(Extracted records begins)

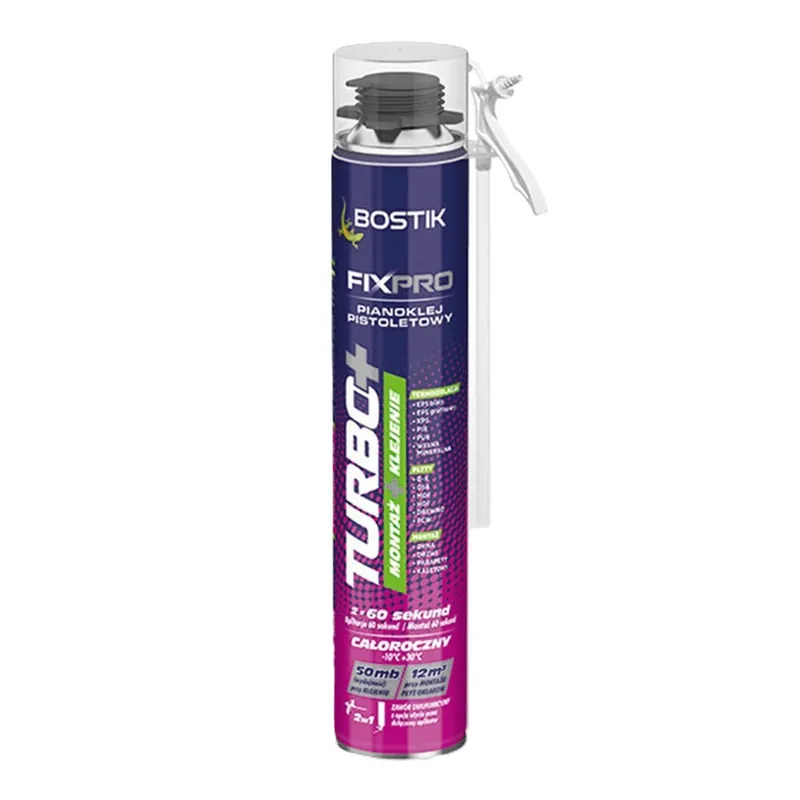 TURBO+ 2in1 ragasztó PURhab BOSTIK - Utolsó esély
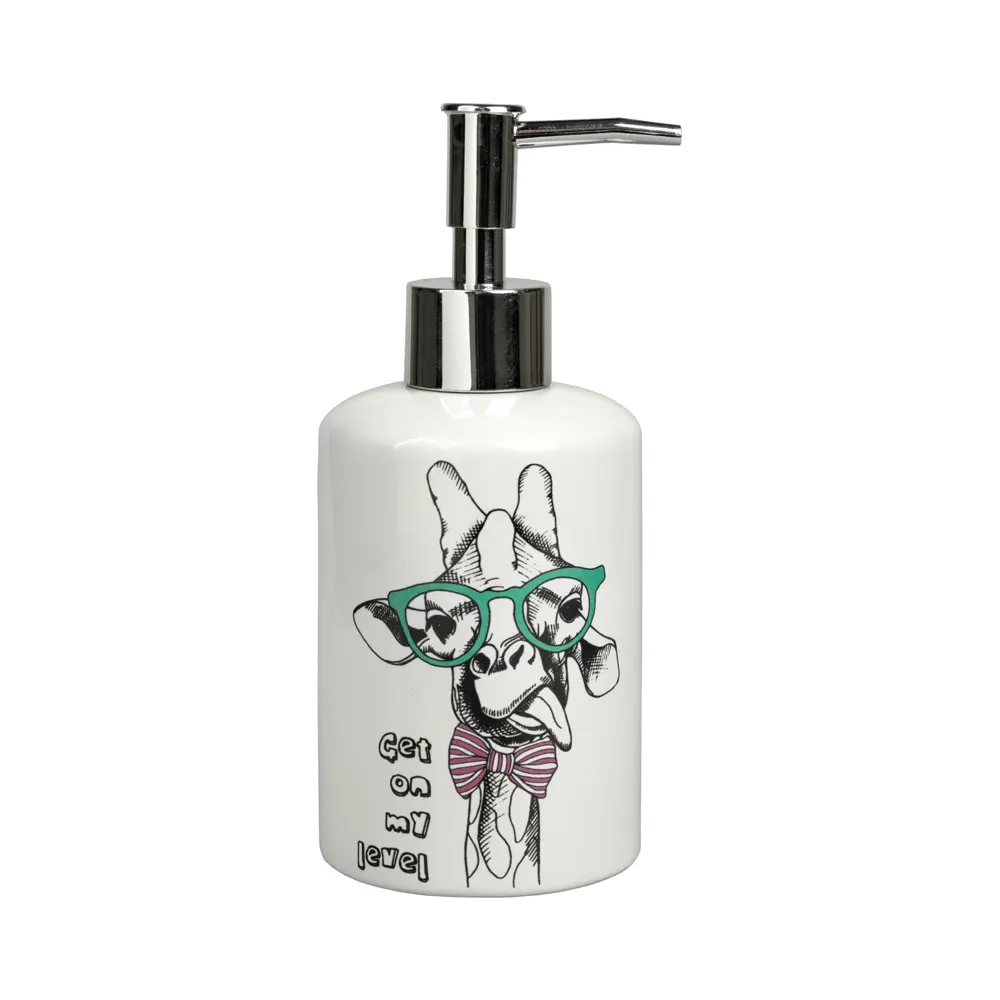 Дозатор для жидкого мыла Zenfort Happy Giraffe - керамический аксессуар для ванной 89379198 STLM-1377323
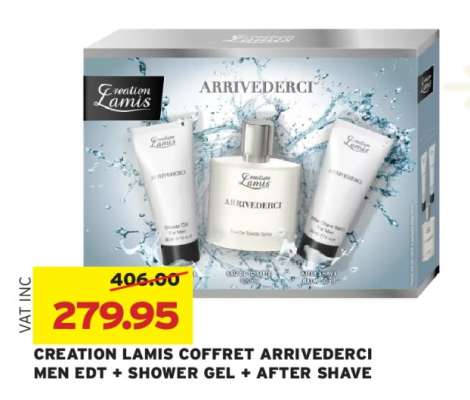 CREATION LAMIS COFFRET ARRIVEDERCI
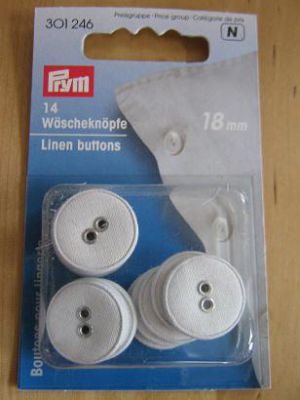 Linen buttons - 18 mm - stoffbezogen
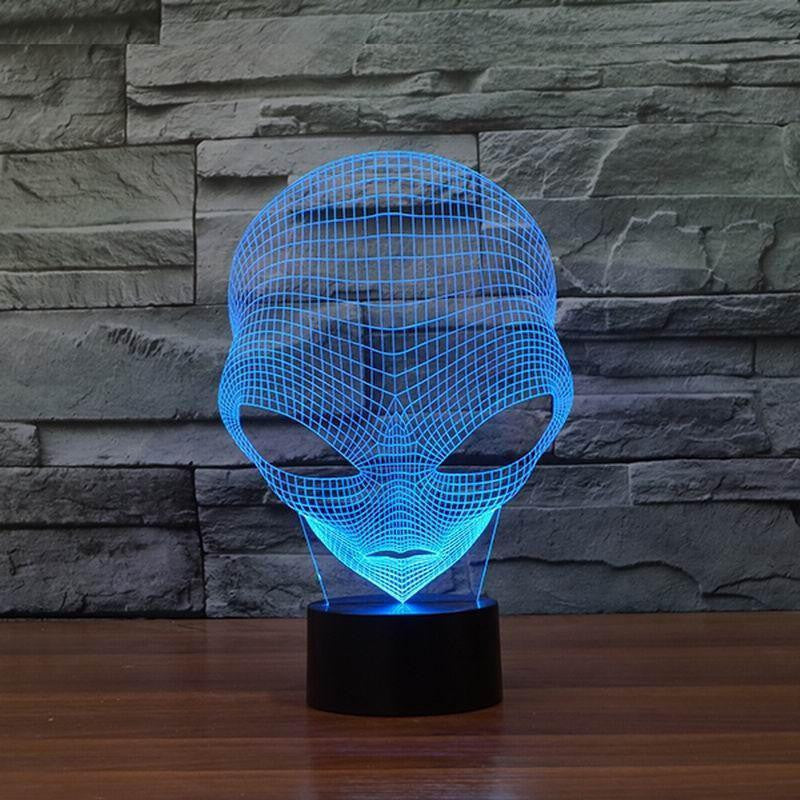 3D LED Alien Matrix Table Lamp LED Lamp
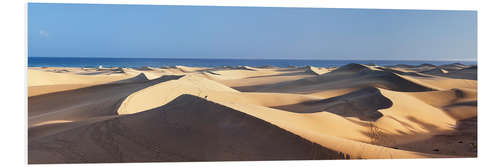 Foam board print Panorama of the sand dunes of Maspalomas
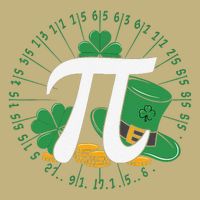 St Patricks Day Happy Pi Day Math Science Irish Shamrocks Mousepad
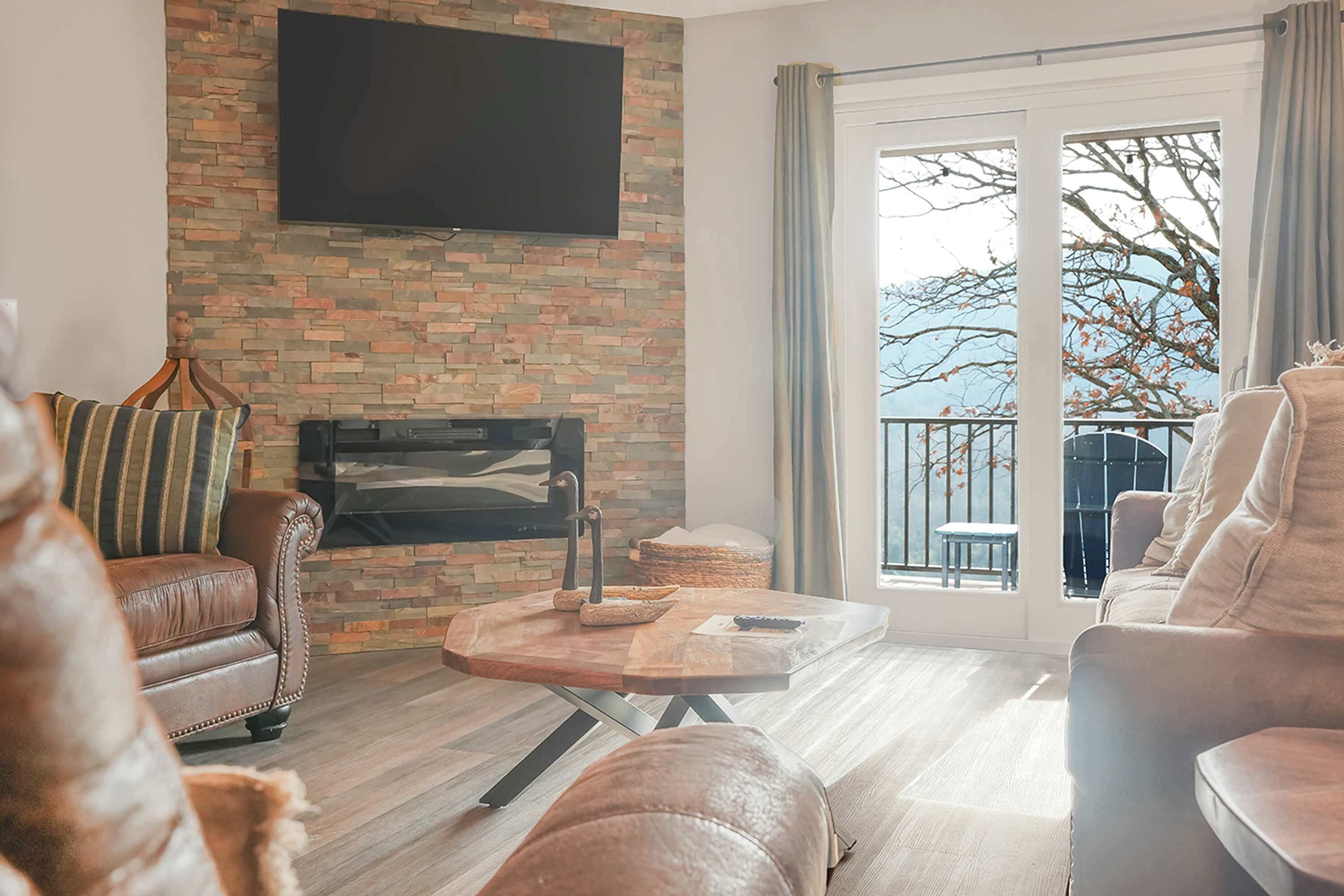 TV, fireplace, offices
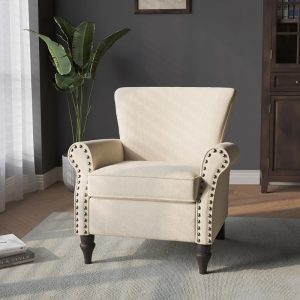 Purchase today Contemporary Nailhead Trim Armchair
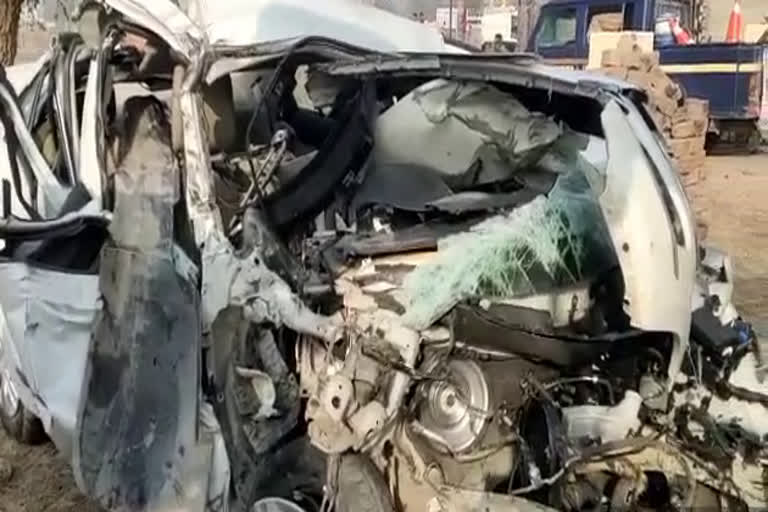 फतेहपुर में सड़क दुर्घटना, road accident in fatehpur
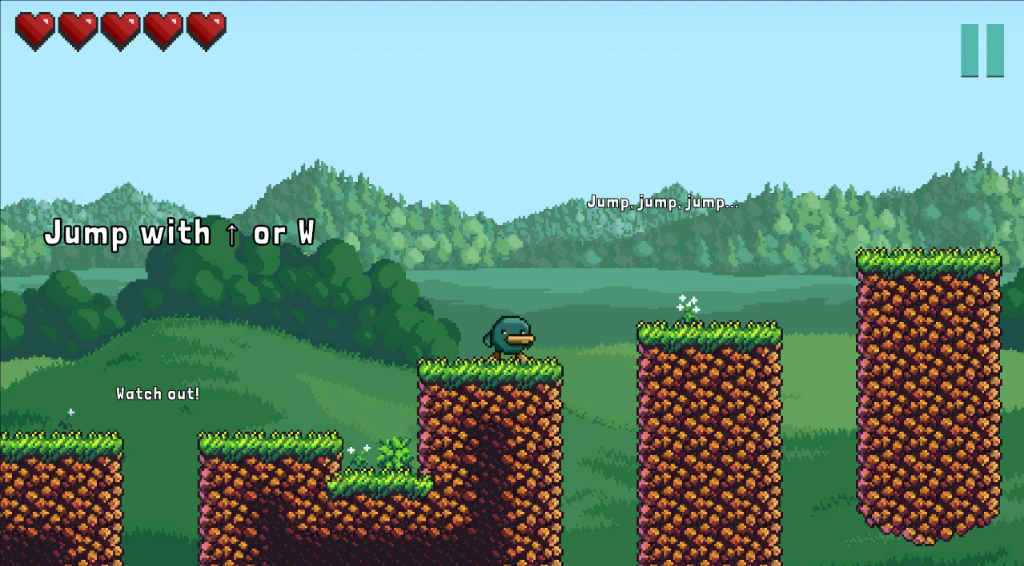 VordLand Screenshot - Jumping platforms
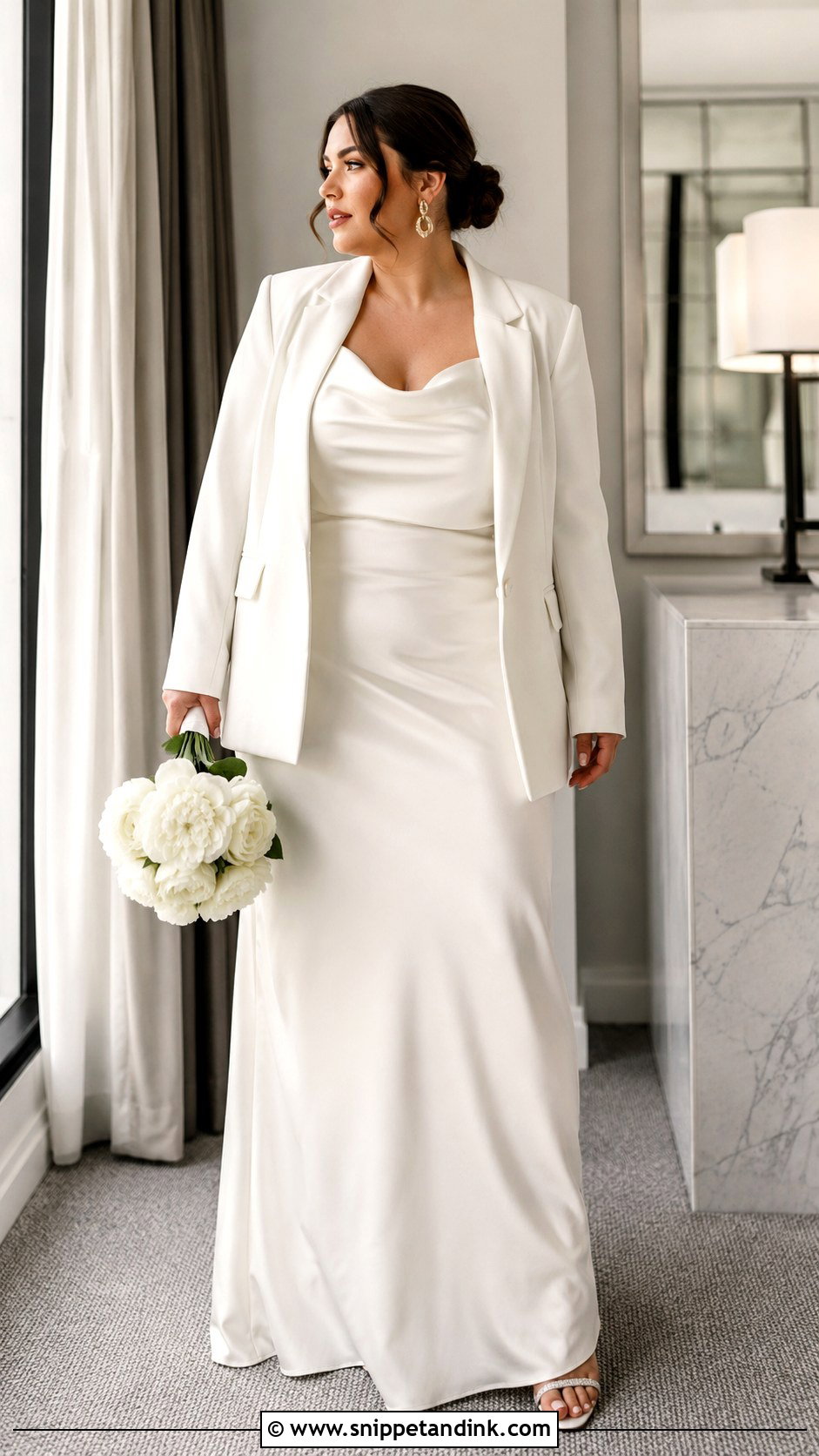 Simple Slip Midsize Wedding Dress - Snippet and Ink - 20 Midsize Wedding Dresses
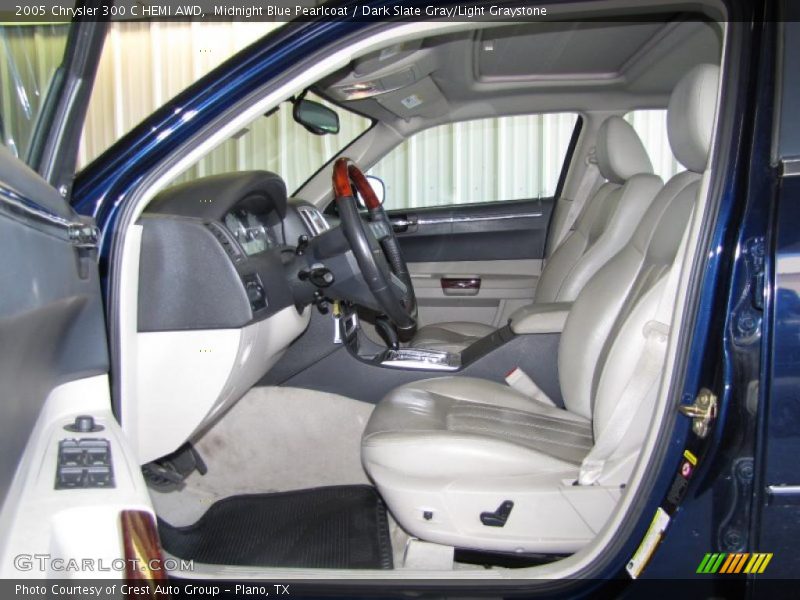 Midnight Blue Pearlcoat / Dark Slate Gray/Light Graystone 2005 Chrysler 300 C HEMI AWD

(Extracted records ends)

What you will do =
Your answer must be the lines from the line containing "फतेहपुर में सड़क" through the final line of the data, written out exactly, both ends included and pictures left out.

Task solution =
 फतेहपुर में सड़क दुर्घटना, road accident in fatehpur
 VordLand Screenshot - Jumping platforms
 Simple Slip Midsize Wedding Dress - Snippet and Ink - 20 Midsize Wedding Dresses
 Midnight Blue Pearlcoat / Dark Slate Gray/Light Graystone 2005 Chrysler 300 C HEMI AWD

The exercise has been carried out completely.